▶ WHAT YOU SHOULD DO:
The answer should hold only the lines from the one containing "Gebraucht Mazda 5" through the one containing "Advanced Material Handling Lift Systems" in the entries below, copied exactly, without pictures.
====== SUPPLIED MATERIAL
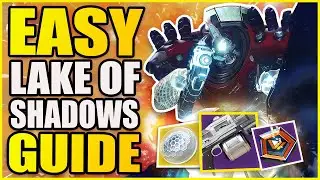 NEW Lake of Shadows Made EASY! Grandmaster Nightfall Guide (Destiny 2)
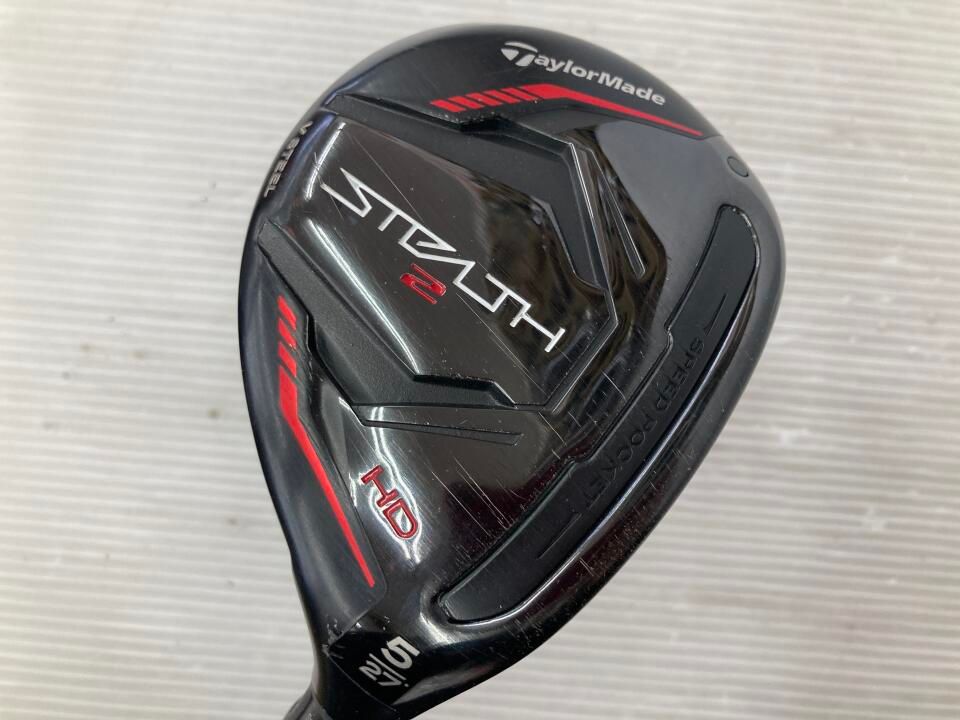 テーラーメイド　STEALTH2 HD　27度　TENSEI RED TM60　Sフレックス　ユーティリティ　中古　ゴルフドゥ！大宮丸ヶ崎店【最短即日発送】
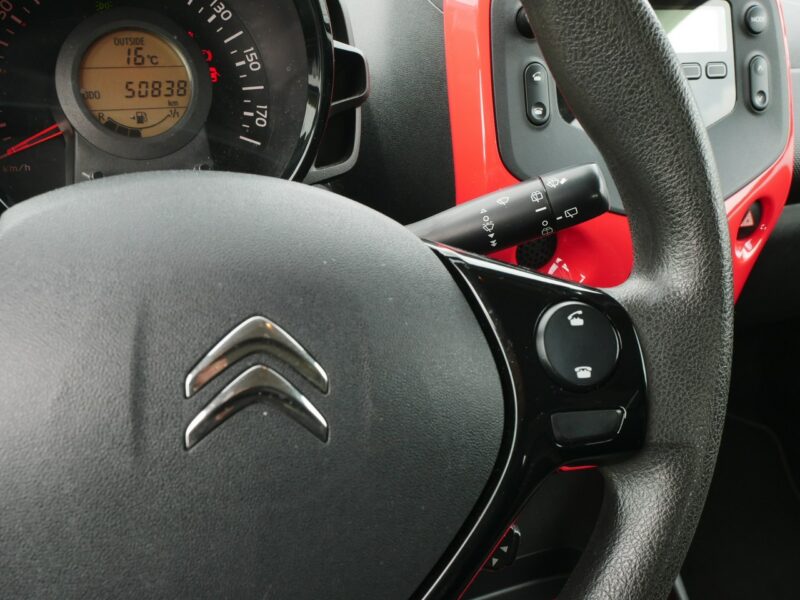 Citroen C1 1.0 VTi 68KM [Eu5] Airspace Panorama -1 Wł od 8 lat -Dach otwierany II (2014-)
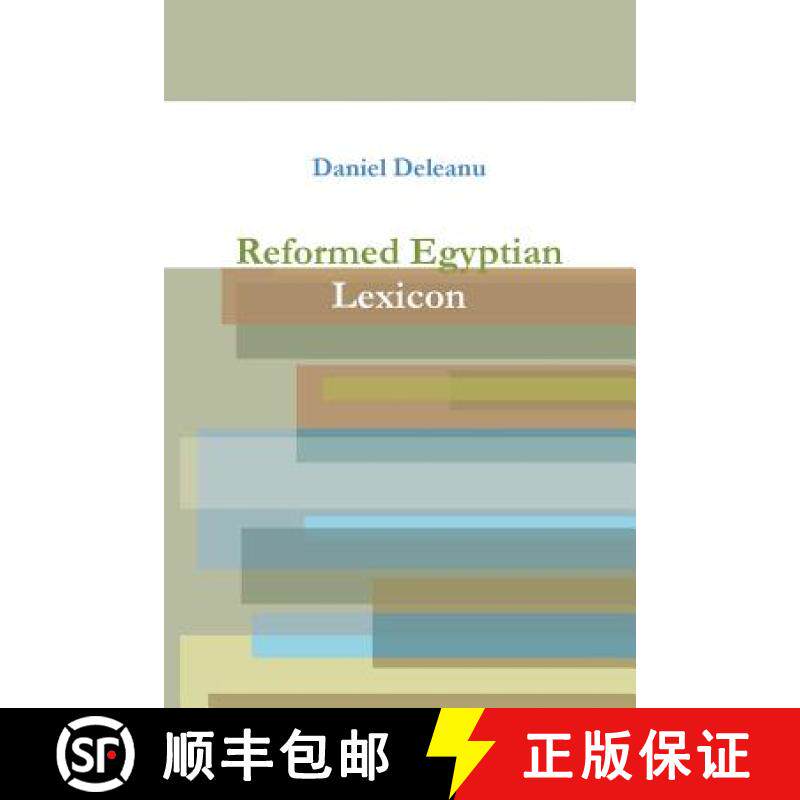 【3-4周达】Reformed Egyptian Lexicon [9781304329714]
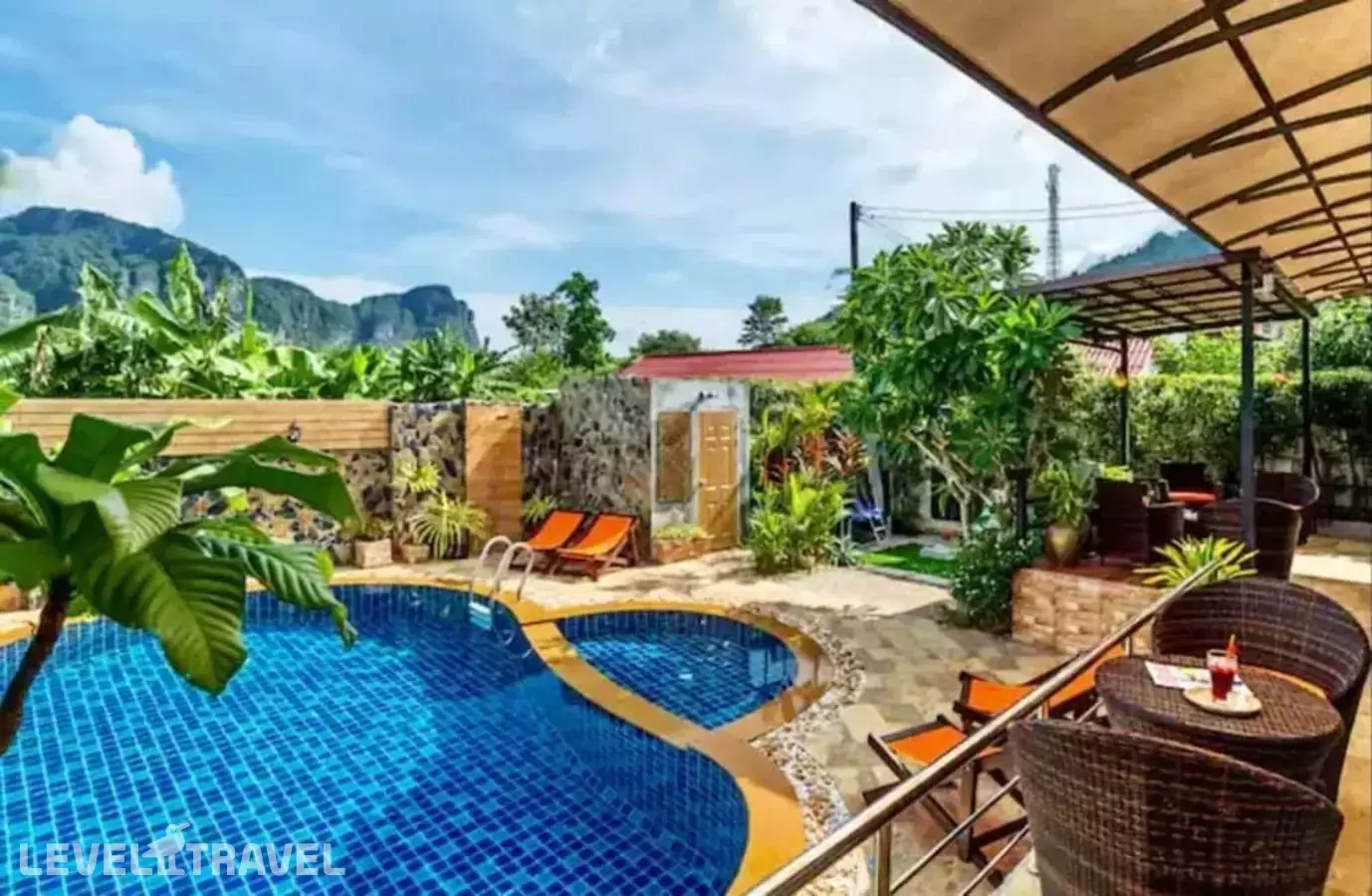 Aonang Serene 3 Bedrooms Private Pool Villas With Backyard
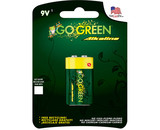Go Green Power 24005 1 Pack 9V Alkaline Battery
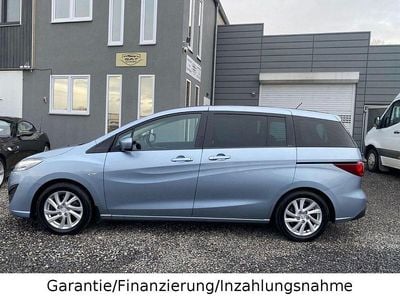 Gebraucht Mazda 5 Center-Line 116 PS (85 kW) 2011 Blau Van / Kleinbus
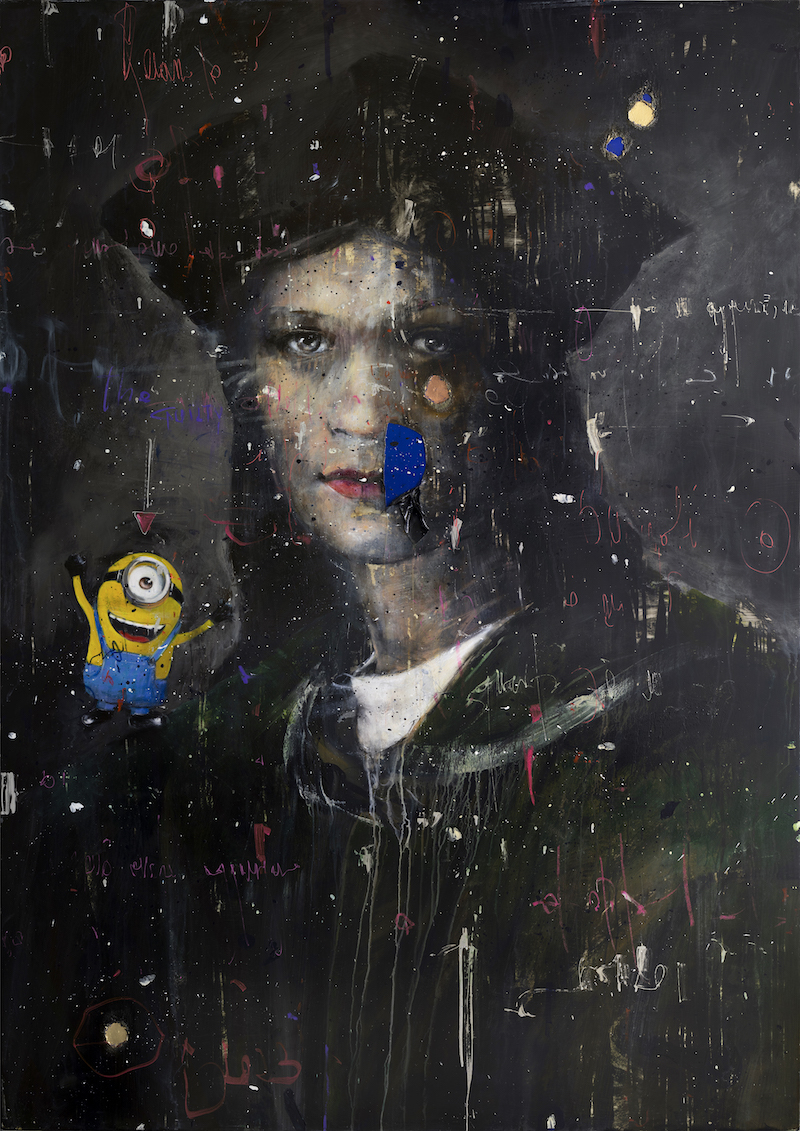 Scratches on My Face Angelo Accardi Eden Gallery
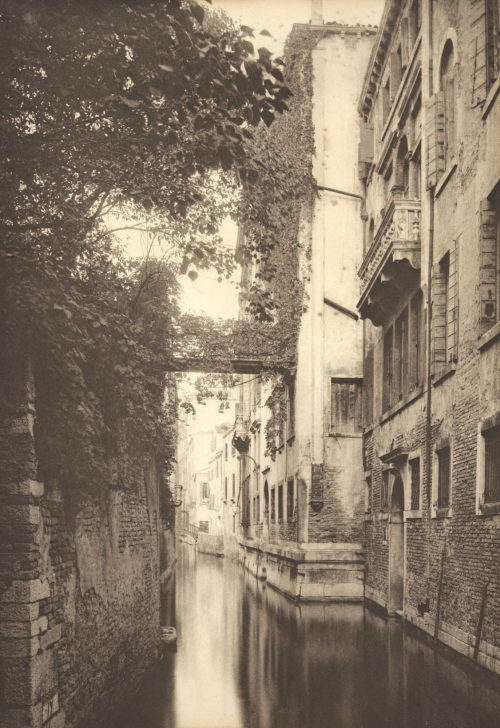 Unbekannt (Künstler*in), Ohne Titel (Venedig), nach/after 1890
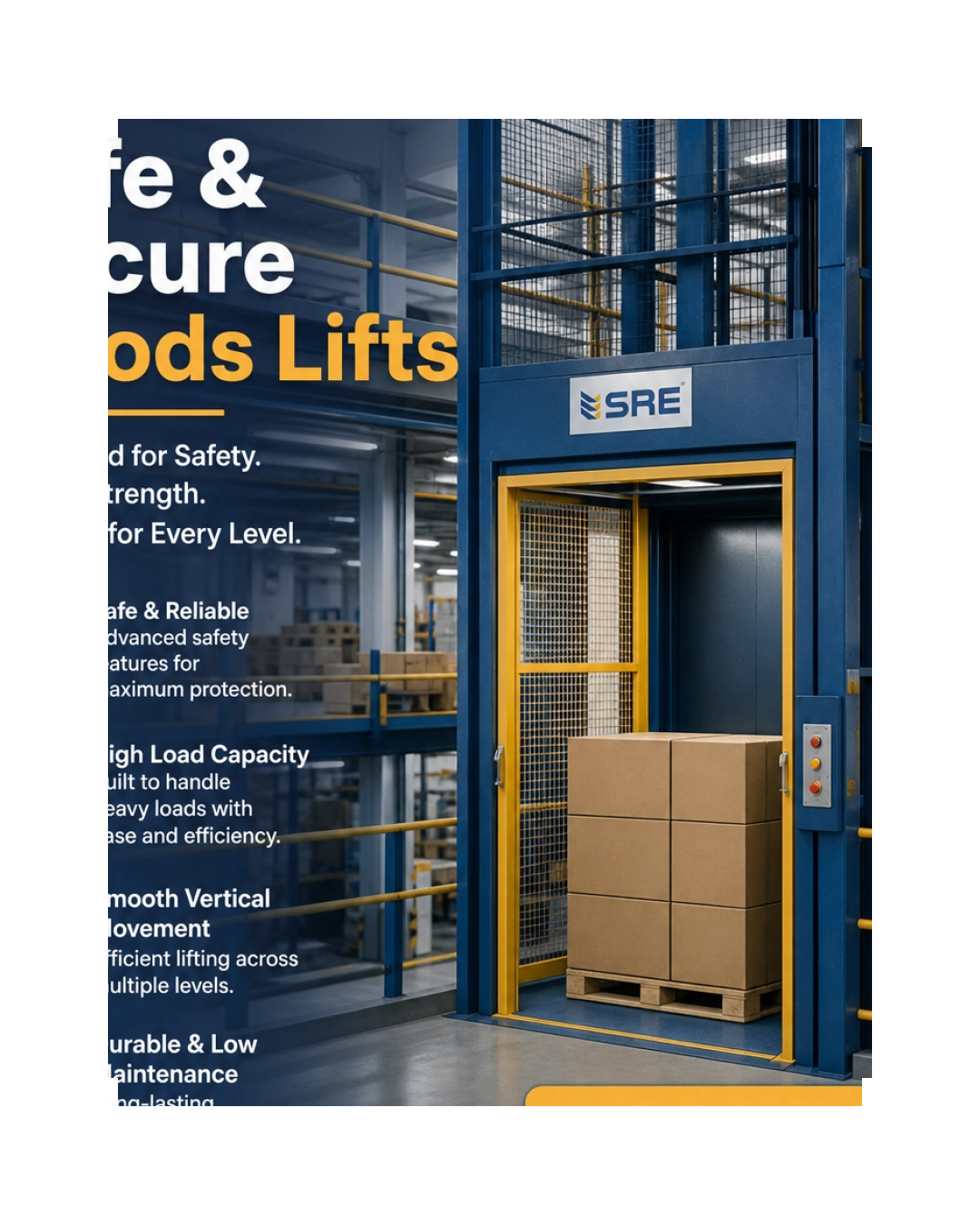 Advanced Material Handling Lift Systems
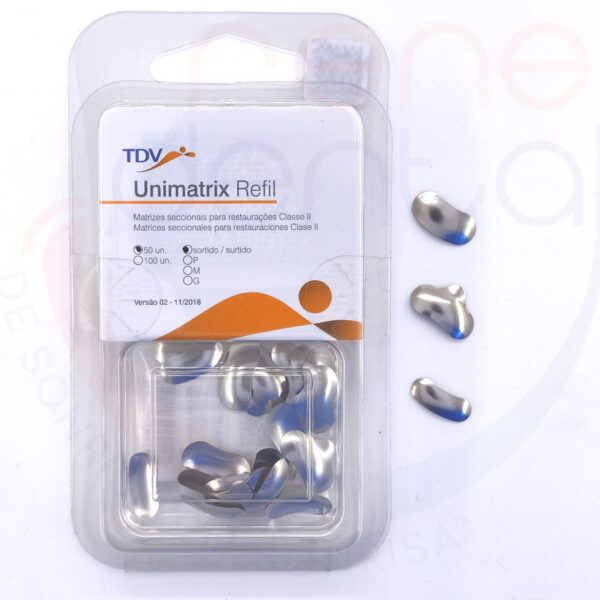 Matrices Unimatrix TDV Repuesto x50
============
▶ EXERCISE RESPONSE:
 Gebraucht Mazda 5 Center-Line 116 PS (85 kW) 2011 Blau Van / Kleinbus
 Scratches on My Face Angelo Accardi Eden Gallery
 Unbekannt (Künstler*in), Ohne Titel (Venedig), nach/after 1890
 Advanced Material Handling Lift Systems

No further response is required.